Managing a database is more than just storing information—it's about storing data efficiently, effectively, and balancing trade-offs. We can employ techniques like data normalization to optimize our data for maintainability and readability, or data denormalization to optimize for raw query speed. Data normalization is the process of breaking data down into structured tables to reduce duplication and make it easier to query and store by enforcing standardization. 

In this article, we'll take a look at what data normalization is, how to apply normal forms to achieve data normalization, challenges and tools for data normalization in PostgreSQL, tips on when to denormalize, and how TimescaleDB makes normalization easier.

Why Data Normalization?

The primary benefit of normalizing data is to reduce duplication, but this is just the tip of the iceberg. By reducing data duplication, we can achieve the following benefits:

  • Improve cost: Storing less data means we don't need to pay for holding on to that extra data.
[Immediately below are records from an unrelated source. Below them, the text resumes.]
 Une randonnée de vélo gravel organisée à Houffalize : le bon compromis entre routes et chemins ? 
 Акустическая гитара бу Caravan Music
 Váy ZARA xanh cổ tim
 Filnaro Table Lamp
  • Simplify maintenance: Having non-duplicated data means updating that data only needs to occur in a single place, helping maintain data consistency and data integrity.
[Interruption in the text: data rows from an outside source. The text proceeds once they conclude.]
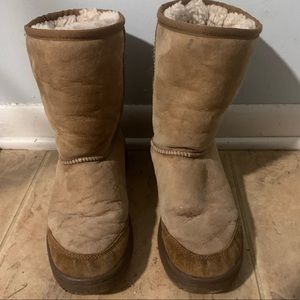 Ugg Ultimate Short Boot - size W8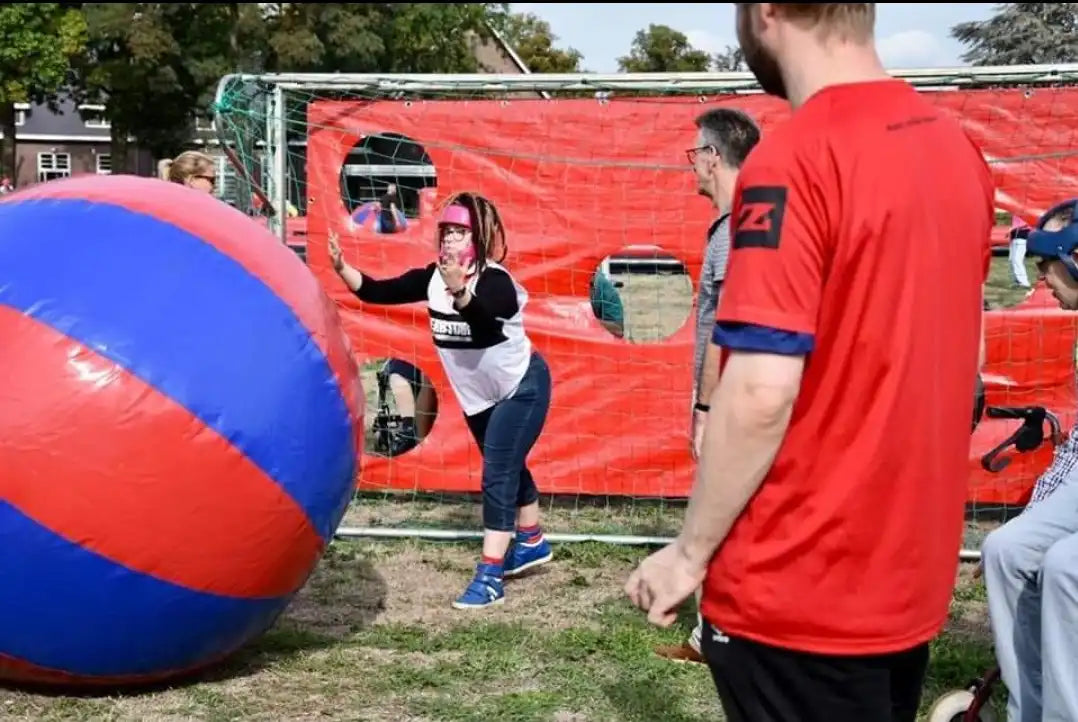 Cliënten van zorginstelling hebben plezier bij sportactiviteit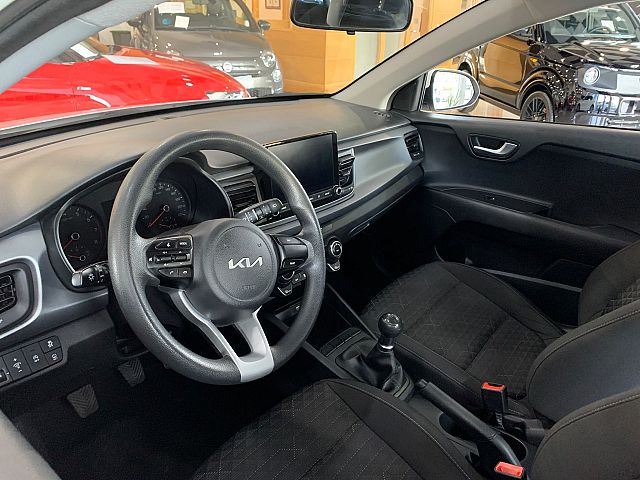 KIA RIO RIO II 1.2 84CV DRIVE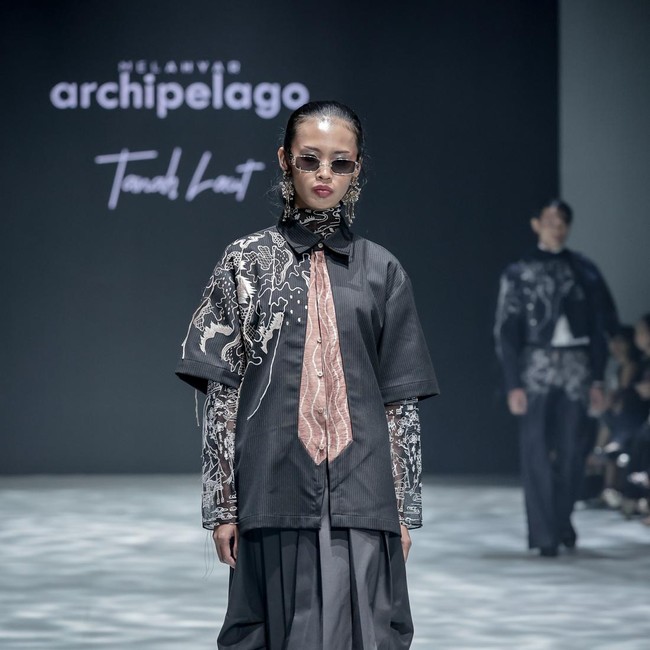 Foto: Koleksi Baju Mel Ahyar Archipelago Tanah Laut, Angkat Wastra Kalsel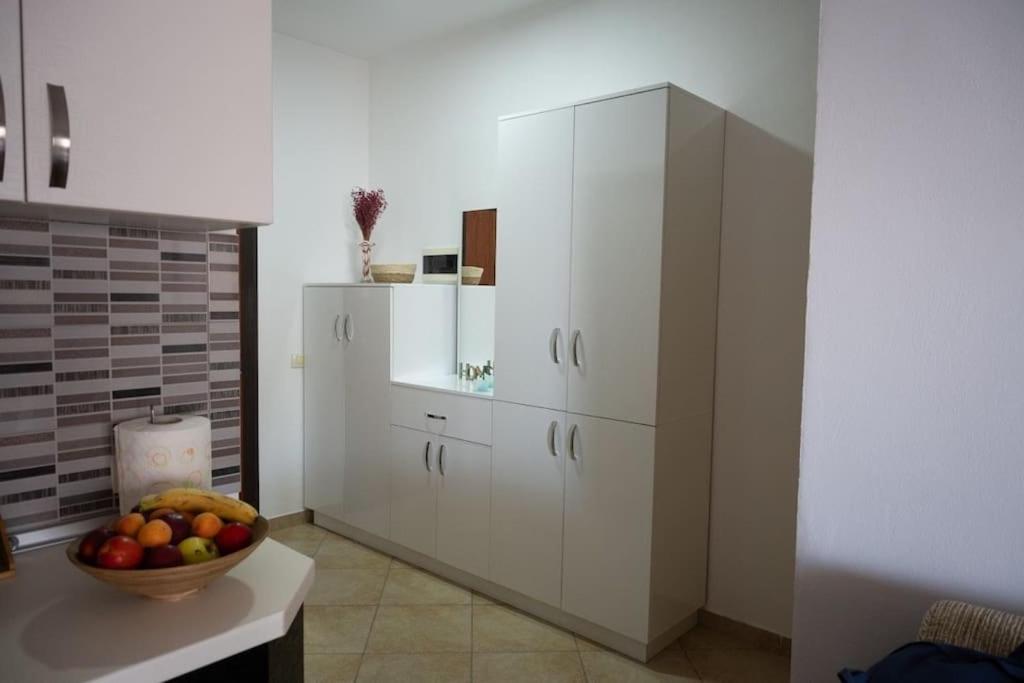 Hoxha Veranda Apartment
  • Enhances security: By segmenting data into smaller, related tables, you can apply more granular access controls.

  • Improve scalability: Keeping data organized and structured into smaller tables makes sharding and data access easier as your data scales.

The benefits of normalizing your data are endless, and you'll find that by going through the process of applying the normal forms your data will be easier to query, maintain, and scale over time.

Anomalies

It is worth taking a minute to talk about data anomalies. When we talk about "normalization makes databases easier to maintain," what we're talking about is preventing data anomalies. What is a data anomaly? Anomalies occur when the same data value is stored in multiple places, and a mutation (insert, update, delete) modifies the data in one place but not everywhere. Leading to confusion about what a value should be, and causing possible data loss.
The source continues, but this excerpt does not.